Total Installed Capacity
Both Taipower and the Bureau of Energy have data recording the existing installed capacities for each type of electricity-generating resource. The Installed Capacity output for “Today’s Situation” and “Taipower Scenario” are based off on published reports detailing what power plants currently exist and how Taipower plans to increase capacity for each resource. The Installed Capacity for “Custom scenario” sums up the user-selected capacities for nuclear power, fossil fuel resources, solar power, wind power, and fixed-value sources including hydropower, cogeneration/biogas, and geothermal. The latter sources are fixed-value because they are not expected to increase in capacity to any significant degree by 2025.
Reserve capacity refers to the percent of excess capacity available to use at peak demand. This is taken by subtracting total demand, a user input, from total capacity (calculated above) and dividing by total demand. However, solar and wind power are not included in reserve capacity because their operation is dependent on weather conditions, and thus they might not actually be producing electricity when needed during high-demand intervals.
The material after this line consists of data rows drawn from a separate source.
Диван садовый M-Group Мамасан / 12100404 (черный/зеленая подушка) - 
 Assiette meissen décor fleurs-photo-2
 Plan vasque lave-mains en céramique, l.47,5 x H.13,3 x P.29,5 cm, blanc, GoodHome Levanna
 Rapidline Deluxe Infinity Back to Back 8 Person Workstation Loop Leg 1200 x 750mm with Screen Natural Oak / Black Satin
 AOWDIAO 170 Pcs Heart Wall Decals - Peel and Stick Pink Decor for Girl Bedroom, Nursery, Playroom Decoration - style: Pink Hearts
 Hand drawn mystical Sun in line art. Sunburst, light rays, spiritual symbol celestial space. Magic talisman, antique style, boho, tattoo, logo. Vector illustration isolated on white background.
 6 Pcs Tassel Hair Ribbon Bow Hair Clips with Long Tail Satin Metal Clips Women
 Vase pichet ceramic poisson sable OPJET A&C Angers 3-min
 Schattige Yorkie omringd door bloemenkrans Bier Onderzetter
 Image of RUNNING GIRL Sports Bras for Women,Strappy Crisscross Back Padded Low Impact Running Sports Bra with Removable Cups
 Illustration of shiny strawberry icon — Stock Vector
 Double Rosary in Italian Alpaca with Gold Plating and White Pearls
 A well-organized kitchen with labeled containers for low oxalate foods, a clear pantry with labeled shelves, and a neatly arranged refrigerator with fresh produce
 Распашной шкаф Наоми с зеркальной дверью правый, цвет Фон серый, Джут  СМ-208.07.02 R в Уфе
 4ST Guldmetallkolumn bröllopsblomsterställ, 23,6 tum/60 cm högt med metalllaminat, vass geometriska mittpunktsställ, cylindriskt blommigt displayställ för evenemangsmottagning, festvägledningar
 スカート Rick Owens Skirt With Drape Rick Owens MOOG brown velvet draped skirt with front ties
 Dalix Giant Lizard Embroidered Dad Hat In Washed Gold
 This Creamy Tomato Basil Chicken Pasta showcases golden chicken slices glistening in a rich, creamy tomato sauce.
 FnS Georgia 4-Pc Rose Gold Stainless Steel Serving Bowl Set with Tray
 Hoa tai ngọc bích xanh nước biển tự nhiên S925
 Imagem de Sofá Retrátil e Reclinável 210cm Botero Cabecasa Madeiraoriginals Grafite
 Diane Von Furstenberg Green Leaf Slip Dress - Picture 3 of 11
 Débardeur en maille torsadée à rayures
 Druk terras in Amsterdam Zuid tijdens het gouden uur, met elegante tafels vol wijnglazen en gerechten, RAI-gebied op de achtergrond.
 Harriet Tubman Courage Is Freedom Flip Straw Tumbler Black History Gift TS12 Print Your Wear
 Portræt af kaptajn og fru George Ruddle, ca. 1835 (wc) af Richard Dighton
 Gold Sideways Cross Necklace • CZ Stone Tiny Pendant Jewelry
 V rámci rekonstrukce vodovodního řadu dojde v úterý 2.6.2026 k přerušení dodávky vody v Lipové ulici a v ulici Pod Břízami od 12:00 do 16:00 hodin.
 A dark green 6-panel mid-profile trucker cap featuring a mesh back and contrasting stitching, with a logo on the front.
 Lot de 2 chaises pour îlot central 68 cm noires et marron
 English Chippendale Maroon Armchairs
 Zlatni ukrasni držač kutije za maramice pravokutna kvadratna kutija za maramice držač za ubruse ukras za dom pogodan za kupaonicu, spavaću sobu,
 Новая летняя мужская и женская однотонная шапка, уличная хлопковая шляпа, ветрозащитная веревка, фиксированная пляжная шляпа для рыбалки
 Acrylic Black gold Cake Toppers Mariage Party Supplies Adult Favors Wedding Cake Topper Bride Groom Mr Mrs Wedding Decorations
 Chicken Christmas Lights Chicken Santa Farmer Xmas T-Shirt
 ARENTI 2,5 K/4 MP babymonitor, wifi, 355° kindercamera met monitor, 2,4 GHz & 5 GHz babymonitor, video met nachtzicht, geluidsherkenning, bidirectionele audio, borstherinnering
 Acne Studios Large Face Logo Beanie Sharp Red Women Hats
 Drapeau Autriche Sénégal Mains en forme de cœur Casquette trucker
Total Electricity Generated
Each power plant has an associated capacity factor, which refers to the ratio of electricity output over a period of time to potential output if a power plant were to operate at full installed capacity over the same period of time. We back-calculated the capacity factor for each type of energy source using Taiwan-specific data from the BOE that takes into account the installed capacity for each type of energy resource in Taiwan and the total GWH of electricity produced by each energy type. We then multiplied each resource’s installed capacity value by the capacity factor and the number of hours in a year (8760) to calculate the total electricity generated by each type of energy resource. We summed these values to calculate the approximate total electricity generated in Taiwan in 2025 according to the user inputs.
Carbon Emissions Change
For the purposes of this calculator, nuclear power and renewable energy resources are considered emission-less. Additionally, the installed capacity of oil in Taiwan is very small and expected to decline; thus, in calculating the change in carbon emissions from the electricity production sector we took into account changes in installed capacity of natural gas and coal. One kWH of natural gas produces .38 kg of CO2, and one KWH of coal produces .8 kg of CO2. Thus, we were able to calculate what increasing or decreasing the installed capacities of these two resources would translate to in terms of changes in CO2 emissions. If there is at least a 38,802 kilotons decrease, then we consider that on-track towards achieving GHG emission goals. 38,082 kilotons is the difference between current CO2 emissions from the energy sector and 2000 level CO2 emissions from the energy sector, according to the most recent available data.